TM Match Calculation
Crowdin calculates the TM match by comparing the source string to be translated and TM’s existing segments.
There are three main types of TM matches:
- Perfect Match - TM segment’s text and context completely match the source string
- 100% Match - TM segment’s text matches the source string, but the context is different
- Fuzzy Match (99% and less) - TM segment’s text is different to a certain extent compared to the source string
If the calculations for Perfect and 100% TM match is relatively straightforward, the fuzzy matches’ calculation may not be so obvious.
There are multiple different factors that affect the calculation of fuzzy matches, for example:
- Word order
- Punctuation
- Formatting tags
- Matches that are longer than the source string
TM Auto-Substitution
Auto-Substitution is aimed to increase the benefit of using the translation memory (TM) by suggesting translations with a higher similarity match. The feature substitutes the non-translatable elements (such as tags, HTML entities, placeholders, numbers, and more) in translations suggested by TM by the ones used in the source strings.
To enable the Auto-substitution feature, open your project and go to Settings > Translation Memories.

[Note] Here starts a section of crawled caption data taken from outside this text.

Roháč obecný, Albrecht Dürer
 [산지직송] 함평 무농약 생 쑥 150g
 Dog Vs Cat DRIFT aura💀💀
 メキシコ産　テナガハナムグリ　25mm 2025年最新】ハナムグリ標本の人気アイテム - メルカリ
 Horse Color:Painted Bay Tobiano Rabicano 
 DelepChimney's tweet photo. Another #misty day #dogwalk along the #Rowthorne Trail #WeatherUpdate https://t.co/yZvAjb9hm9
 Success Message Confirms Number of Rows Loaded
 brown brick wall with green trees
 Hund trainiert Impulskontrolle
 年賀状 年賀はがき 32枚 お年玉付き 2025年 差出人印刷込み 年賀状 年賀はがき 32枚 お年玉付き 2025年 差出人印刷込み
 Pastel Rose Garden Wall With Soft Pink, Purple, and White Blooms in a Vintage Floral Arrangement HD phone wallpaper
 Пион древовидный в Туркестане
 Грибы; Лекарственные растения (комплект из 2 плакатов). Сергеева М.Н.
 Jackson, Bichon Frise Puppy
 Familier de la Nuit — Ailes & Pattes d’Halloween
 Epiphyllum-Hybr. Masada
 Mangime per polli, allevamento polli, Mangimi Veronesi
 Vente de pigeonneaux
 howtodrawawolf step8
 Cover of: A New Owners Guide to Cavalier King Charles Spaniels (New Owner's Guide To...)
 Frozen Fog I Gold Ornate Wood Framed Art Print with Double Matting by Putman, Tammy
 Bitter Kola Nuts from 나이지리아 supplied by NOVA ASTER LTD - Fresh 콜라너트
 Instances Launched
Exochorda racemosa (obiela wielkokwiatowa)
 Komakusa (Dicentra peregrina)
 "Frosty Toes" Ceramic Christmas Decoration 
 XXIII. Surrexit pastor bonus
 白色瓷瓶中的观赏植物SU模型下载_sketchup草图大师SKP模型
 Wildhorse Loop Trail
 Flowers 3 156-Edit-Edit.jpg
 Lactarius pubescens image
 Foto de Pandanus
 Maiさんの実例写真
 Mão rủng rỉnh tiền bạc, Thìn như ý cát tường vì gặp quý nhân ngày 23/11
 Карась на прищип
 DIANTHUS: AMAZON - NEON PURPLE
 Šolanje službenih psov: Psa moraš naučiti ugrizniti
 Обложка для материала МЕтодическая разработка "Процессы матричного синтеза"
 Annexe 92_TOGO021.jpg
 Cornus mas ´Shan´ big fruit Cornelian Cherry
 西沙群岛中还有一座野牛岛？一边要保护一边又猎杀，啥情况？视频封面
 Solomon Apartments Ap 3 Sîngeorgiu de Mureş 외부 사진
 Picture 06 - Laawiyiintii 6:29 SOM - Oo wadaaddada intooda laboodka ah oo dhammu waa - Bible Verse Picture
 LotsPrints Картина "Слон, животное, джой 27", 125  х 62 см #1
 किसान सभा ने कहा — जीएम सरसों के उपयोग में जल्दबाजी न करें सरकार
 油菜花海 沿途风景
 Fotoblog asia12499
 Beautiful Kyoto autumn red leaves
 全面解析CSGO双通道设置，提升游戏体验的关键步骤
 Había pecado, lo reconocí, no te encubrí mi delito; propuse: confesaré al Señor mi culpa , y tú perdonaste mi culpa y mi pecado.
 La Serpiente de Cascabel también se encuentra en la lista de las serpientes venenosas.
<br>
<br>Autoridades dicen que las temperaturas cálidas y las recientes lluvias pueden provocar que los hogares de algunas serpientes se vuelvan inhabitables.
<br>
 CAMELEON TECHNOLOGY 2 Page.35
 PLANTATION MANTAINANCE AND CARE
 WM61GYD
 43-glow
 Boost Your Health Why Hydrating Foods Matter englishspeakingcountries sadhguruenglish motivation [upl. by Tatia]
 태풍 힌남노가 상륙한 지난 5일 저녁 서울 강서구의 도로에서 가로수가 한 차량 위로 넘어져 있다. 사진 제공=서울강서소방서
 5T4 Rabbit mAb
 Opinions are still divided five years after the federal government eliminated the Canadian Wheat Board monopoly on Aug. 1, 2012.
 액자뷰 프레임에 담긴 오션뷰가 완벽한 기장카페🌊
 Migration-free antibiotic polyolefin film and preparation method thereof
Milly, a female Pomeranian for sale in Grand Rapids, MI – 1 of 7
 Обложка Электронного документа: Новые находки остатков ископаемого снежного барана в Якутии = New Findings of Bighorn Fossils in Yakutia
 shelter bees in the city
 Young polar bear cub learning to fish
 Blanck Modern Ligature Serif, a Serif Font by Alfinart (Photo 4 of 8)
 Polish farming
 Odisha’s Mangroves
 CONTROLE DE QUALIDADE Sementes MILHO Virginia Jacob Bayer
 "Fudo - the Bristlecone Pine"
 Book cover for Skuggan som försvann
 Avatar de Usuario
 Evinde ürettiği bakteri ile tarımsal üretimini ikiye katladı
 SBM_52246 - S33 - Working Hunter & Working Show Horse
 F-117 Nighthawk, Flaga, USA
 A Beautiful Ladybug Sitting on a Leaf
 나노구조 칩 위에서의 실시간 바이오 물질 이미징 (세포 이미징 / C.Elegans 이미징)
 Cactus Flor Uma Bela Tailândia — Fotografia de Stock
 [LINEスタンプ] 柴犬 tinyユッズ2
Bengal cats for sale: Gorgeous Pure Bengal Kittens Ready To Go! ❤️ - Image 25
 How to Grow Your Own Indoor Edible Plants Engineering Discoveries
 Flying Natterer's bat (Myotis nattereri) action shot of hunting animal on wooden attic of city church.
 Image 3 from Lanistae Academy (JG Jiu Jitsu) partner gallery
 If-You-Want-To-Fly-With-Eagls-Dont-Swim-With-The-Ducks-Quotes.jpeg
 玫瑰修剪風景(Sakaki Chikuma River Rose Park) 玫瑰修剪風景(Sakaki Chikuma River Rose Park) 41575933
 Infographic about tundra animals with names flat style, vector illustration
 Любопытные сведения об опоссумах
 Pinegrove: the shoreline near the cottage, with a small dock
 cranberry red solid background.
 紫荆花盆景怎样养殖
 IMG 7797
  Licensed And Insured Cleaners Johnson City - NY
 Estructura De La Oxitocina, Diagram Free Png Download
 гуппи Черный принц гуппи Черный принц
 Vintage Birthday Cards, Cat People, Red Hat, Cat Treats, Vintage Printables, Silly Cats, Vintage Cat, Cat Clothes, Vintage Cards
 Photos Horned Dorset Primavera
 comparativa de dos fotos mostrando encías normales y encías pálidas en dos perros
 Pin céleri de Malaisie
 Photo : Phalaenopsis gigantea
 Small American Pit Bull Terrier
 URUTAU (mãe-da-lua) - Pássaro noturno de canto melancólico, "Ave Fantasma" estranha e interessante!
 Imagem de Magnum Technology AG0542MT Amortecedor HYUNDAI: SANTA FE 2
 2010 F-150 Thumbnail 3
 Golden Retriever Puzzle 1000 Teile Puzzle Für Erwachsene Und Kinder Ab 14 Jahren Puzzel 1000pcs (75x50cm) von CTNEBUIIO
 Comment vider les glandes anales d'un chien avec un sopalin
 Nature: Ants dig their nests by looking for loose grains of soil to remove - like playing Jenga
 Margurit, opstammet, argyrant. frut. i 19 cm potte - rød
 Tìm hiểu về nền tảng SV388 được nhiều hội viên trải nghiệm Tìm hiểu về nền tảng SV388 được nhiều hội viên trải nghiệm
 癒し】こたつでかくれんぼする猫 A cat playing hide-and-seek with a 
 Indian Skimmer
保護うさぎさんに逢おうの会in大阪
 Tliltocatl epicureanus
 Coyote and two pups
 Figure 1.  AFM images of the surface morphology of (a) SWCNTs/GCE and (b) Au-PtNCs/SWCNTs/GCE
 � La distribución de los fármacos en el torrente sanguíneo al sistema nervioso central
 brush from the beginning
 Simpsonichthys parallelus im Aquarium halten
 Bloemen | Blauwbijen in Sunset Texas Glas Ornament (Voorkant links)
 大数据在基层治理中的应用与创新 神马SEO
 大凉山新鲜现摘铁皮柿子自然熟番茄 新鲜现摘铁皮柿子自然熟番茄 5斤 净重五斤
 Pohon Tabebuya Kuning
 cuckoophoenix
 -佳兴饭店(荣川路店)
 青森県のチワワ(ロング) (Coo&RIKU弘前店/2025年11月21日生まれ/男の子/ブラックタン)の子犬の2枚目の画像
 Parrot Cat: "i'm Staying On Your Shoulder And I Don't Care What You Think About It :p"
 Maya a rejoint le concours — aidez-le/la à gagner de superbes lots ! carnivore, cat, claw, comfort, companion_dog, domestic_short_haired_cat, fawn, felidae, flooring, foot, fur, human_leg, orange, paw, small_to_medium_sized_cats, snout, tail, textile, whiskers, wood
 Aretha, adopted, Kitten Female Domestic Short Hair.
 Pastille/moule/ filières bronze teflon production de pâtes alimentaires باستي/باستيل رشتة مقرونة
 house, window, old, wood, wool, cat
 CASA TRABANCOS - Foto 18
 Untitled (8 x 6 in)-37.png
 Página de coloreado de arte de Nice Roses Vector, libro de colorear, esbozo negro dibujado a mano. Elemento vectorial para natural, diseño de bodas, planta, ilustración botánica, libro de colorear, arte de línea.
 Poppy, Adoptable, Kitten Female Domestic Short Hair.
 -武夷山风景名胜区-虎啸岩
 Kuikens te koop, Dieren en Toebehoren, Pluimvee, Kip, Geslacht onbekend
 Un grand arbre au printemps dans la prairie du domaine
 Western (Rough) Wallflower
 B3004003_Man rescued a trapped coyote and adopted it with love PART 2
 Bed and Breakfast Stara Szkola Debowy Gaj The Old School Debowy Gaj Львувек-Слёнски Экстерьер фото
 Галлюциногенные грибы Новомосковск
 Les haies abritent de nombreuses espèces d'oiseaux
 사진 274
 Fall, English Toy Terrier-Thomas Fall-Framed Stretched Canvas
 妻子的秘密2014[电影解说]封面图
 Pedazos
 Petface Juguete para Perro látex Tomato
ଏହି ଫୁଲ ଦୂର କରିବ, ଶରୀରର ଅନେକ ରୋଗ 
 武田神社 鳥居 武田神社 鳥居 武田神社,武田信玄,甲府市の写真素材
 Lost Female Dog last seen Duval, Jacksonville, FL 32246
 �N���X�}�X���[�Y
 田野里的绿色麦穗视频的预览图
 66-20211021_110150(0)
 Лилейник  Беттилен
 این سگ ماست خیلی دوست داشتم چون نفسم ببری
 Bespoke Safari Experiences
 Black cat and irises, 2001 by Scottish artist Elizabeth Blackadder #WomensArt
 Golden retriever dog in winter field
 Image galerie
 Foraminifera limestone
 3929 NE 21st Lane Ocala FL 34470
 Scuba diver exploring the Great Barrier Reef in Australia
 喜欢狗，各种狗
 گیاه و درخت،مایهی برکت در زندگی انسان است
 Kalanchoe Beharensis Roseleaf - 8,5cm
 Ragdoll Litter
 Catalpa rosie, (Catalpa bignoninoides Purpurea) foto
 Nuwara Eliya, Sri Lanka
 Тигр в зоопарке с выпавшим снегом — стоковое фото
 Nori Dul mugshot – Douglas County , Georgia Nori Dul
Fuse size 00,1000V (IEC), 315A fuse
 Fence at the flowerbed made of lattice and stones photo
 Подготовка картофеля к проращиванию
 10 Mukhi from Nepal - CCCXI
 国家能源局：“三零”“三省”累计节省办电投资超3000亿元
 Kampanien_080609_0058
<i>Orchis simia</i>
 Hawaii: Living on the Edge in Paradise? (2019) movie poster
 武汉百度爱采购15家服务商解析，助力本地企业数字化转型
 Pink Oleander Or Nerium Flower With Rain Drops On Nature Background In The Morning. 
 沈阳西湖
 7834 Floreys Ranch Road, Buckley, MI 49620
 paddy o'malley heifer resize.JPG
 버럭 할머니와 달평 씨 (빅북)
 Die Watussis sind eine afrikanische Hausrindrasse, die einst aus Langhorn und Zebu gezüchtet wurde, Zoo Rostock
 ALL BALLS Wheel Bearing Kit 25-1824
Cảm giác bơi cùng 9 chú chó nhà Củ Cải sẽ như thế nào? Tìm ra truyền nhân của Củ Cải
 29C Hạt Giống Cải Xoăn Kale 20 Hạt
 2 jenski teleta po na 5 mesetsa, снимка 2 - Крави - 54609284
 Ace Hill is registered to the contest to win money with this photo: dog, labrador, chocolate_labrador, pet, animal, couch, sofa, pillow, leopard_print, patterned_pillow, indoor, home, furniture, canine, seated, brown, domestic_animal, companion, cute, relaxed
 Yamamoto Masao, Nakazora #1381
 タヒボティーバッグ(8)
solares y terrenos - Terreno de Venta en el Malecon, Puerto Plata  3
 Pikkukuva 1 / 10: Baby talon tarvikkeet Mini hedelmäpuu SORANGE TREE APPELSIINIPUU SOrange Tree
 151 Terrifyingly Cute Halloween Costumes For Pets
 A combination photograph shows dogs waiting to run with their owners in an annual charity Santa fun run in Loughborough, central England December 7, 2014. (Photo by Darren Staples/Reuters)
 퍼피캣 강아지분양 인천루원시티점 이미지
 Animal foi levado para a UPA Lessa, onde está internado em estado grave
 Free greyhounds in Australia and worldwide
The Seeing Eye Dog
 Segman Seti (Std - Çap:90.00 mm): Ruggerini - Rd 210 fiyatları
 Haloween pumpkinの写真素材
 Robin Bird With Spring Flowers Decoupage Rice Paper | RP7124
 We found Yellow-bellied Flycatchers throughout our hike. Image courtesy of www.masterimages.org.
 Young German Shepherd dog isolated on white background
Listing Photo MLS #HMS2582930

Non-translatable Elements that can be Auto-substituted
Auto-substitution feature can substitute the following non-translatable elements:
Non-translatable elements | Source string example | TM suggestion (German) | Improved TM suggestion |
---|---|---|---|
Tags | <b %s>Help</b> | <span>Hilfe<span> | <b %s>Hilfe</b> |
HTML entities | Currency € | Währung ¥ | Währung € |
Line breaks | Profile | Profil<br/> | Profil |
Escape sequences (\r\n, \r, \n, \t, unicode, hex) | Translation \x42 | Übersetzung \u4242 | Übersetzung \x42 |
Non-escaped equivalents of \r\n, \r, \n, \t | Translated by \n TM | Übersetzt vom Übersetzungsspeicher | Übersetzt vom \n Übersetzungsspeicher |
Placeholders | Example %s | Beispiel %1$s | Beispiel %s |
Numbers | Attempt 2 | Versuch 5 | Versuch 2 |
Letter case | Log in | einloggen | Einloggen |
Special characters | Help? | Hilfe! | Hilfe? |
URLs | More Information: https://crowdin.com/page/tour | Weitere Infos: https://crowdin.com/ | Weitere Infos: https://crowdin.com/page/tour |
ICU syntax | Get {discountPercent, number, percent} discount | Erhalte {discountValue, number, currency} Rabatt | Erhalte {discountPercent, number, percent} Rabatt |
Auto-substitution for Pre-translation
Once you enable the TM auto-substitution, you can leverage improved TM suggestions during pre-translation. Be sure to set a minimum match ratio to 100%. This will result in including 100% TM matches along with the ones improved to 100% by TM auto-substitution.
Auto-substitution for TM Suggestions
With the Auto-substitution feature, translators can see the improved TM suggestions in the Editor. The percentage below the improved suggestion shows the match percentage of the original TM suggestion and the improved one.
Cost Reports
Once the feature is enabled, it will affect how the Costs Estimate and Translation Cost reports are calculated.
Costs Estimate report would count TM suggestions that can potentially be improved by the auto-substitution feature based on the highest similarity match to which those strings can be improved. For example, a match that can be improved from a 75% match to a 100% match would be considered a 100% match.
Translation Cost report would count TM suggestions improved by the auto-substitution feature as regular TM suggestions. For example, a match improved from a 75% match to a 100% match would be considered a 100% match.